However, there is one school that will remain shut permanently, and some parents are still learning to cope with the situation.
School halls will soon be filled with students ready to get back to the books, while some will remain empty.
"A lot of emotions going through, sad," said Elaine Salazar, a Tye resident.
Tye Elementary is now closed for good after school board members decided to merge it with Merkel.
Robin wright wishes she'd known about that decision before purchasing her house just blocks away from the school.
"Its very inconvenient," she said.
Wright likes that she can see the campus right from her home.
A view she considered crucial to keep close watch of her grandson-who depends on frequent medication.
"That's a heartbreak when its really a big piece of why you went to a certain place," said Wright.

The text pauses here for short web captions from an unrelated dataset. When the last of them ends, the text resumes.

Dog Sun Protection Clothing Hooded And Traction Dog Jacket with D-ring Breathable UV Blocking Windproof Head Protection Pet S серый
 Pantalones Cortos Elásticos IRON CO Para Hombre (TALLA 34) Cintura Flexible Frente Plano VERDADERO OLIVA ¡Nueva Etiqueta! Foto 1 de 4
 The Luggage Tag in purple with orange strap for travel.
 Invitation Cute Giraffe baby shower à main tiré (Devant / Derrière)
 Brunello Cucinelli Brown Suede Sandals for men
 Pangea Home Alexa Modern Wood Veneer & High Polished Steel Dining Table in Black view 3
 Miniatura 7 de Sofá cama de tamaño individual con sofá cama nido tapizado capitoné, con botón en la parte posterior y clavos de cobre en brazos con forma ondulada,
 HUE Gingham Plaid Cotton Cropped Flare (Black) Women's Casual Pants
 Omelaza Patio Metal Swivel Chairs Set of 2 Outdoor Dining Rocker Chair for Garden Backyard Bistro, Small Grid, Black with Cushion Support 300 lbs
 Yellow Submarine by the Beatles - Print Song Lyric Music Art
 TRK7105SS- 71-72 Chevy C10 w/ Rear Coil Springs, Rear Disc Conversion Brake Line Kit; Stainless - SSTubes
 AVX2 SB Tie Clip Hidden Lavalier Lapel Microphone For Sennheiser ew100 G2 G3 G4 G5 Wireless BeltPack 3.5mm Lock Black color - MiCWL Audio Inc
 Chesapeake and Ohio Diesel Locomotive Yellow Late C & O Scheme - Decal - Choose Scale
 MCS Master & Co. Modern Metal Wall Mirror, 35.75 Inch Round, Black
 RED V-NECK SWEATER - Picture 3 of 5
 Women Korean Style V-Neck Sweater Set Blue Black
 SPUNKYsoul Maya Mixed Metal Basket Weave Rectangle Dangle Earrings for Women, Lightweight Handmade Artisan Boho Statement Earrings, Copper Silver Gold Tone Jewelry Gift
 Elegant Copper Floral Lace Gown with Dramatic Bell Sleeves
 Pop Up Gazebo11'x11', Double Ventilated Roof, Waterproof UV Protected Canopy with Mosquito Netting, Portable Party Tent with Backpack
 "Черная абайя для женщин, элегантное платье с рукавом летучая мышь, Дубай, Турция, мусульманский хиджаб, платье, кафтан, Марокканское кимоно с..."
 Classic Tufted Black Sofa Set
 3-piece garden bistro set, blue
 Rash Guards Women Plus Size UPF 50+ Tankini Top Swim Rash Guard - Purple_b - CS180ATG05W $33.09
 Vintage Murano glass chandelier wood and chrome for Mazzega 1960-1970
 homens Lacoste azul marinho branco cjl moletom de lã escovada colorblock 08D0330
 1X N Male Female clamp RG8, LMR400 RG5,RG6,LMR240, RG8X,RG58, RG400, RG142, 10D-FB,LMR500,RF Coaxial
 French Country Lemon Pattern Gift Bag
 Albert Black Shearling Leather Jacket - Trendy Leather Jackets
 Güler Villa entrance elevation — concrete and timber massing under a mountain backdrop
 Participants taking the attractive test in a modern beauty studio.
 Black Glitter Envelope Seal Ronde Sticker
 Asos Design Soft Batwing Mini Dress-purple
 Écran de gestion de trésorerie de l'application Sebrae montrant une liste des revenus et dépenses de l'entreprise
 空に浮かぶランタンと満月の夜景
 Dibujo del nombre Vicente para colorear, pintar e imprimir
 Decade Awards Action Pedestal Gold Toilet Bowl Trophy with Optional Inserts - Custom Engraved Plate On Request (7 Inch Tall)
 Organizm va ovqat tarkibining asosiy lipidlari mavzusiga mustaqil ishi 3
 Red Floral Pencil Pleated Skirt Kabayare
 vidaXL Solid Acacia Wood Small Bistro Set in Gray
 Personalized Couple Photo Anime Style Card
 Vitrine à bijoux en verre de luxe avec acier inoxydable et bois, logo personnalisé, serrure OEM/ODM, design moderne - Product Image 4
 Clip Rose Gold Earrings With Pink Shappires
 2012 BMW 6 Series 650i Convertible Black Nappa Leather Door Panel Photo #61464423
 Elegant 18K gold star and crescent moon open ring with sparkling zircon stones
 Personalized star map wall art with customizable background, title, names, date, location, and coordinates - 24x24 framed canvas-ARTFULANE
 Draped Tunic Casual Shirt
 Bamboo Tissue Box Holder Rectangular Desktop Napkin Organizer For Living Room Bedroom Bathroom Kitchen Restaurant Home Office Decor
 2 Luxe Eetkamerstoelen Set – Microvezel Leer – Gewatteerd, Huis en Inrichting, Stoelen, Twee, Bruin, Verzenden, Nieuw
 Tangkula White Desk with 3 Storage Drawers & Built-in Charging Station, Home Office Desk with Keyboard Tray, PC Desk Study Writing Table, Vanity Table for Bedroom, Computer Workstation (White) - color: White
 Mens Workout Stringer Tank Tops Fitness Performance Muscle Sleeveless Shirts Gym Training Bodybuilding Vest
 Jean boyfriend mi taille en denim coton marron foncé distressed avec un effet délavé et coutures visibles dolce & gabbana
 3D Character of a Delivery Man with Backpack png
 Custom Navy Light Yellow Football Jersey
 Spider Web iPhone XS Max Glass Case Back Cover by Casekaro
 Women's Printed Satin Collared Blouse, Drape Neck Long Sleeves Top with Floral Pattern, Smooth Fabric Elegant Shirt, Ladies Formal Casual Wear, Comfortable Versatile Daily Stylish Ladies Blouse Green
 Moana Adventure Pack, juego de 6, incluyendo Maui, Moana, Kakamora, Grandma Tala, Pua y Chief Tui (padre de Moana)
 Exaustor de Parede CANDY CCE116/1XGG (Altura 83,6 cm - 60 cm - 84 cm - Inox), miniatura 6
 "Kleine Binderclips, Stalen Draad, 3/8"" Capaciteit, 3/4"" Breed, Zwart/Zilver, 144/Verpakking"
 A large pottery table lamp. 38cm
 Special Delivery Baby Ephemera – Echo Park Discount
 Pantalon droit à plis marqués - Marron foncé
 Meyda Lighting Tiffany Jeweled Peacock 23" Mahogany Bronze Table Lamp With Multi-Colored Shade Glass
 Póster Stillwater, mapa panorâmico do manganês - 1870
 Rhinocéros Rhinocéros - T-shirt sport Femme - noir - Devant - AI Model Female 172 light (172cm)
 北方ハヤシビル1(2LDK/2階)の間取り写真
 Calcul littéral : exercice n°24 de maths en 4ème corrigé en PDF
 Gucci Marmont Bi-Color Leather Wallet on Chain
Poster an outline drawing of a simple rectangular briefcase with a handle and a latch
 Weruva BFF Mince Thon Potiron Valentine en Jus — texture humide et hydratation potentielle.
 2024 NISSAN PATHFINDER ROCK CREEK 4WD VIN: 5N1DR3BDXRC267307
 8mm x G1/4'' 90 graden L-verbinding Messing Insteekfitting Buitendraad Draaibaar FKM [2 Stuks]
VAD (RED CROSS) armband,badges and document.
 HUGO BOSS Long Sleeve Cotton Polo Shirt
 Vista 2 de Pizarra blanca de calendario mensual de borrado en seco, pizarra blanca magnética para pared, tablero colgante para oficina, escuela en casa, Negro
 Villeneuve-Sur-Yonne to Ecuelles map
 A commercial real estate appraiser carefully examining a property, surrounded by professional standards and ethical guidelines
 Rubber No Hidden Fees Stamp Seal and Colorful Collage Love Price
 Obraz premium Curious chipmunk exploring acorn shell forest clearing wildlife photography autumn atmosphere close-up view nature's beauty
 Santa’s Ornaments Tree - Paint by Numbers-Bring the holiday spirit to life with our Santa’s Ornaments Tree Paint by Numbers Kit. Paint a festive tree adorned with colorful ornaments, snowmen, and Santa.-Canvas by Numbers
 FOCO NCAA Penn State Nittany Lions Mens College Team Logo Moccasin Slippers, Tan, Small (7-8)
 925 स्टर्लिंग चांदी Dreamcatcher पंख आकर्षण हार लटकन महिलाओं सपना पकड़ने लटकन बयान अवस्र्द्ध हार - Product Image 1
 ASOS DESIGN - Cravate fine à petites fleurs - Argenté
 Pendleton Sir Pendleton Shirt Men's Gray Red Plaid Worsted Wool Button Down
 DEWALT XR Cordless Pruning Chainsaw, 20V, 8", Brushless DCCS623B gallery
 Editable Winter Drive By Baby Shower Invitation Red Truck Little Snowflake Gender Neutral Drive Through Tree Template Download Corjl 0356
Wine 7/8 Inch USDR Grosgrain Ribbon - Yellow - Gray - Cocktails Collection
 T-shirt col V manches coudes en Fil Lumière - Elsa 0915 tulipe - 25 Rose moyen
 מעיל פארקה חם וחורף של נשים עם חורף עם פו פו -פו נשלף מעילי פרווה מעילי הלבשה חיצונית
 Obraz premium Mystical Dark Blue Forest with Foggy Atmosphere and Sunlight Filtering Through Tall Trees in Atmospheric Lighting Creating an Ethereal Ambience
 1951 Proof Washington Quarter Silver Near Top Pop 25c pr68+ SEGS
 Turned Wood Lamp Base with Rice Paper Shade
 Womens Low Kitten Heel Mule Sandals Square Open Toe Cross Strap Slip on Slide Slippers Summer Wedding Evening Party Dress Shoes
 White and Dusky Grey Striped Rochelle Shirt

Now she'll have to watch him as he hops on a bus to go to a school twenty miles away.
"I think once they get here they'll find out there's really not any big difference," said Merkel Independent Schol District superintendent Bill Hood.
Administrators way they've been working all year to ensure the merge goes smoothly.
"Many of the personnel from Tye are over here and I think those kids from Tye will see a lot of familiar faces," said Hood.
Parents agree its sad to see a local icon close- but they're trying to remain positive.
"Teachers are going to be overwhelmed, but I think its going to be exciting and its going to be a god year," said Salazar.
Even kids are sad to say goodbye.
"I love it at Tye, I wanted to graduate from there really bad," said former Tye Elementary student Hunter Dosser.
They'll now be graduating from Merkel, while their old Alma Mater just blocks away remains untouched- preserving decades worth of memories.
Hood says the merge should save the district about $1 million annually.
About 16 teacher positions were cut as an outcome of the merge, however several of the teachers from Tye will head over to Merkel.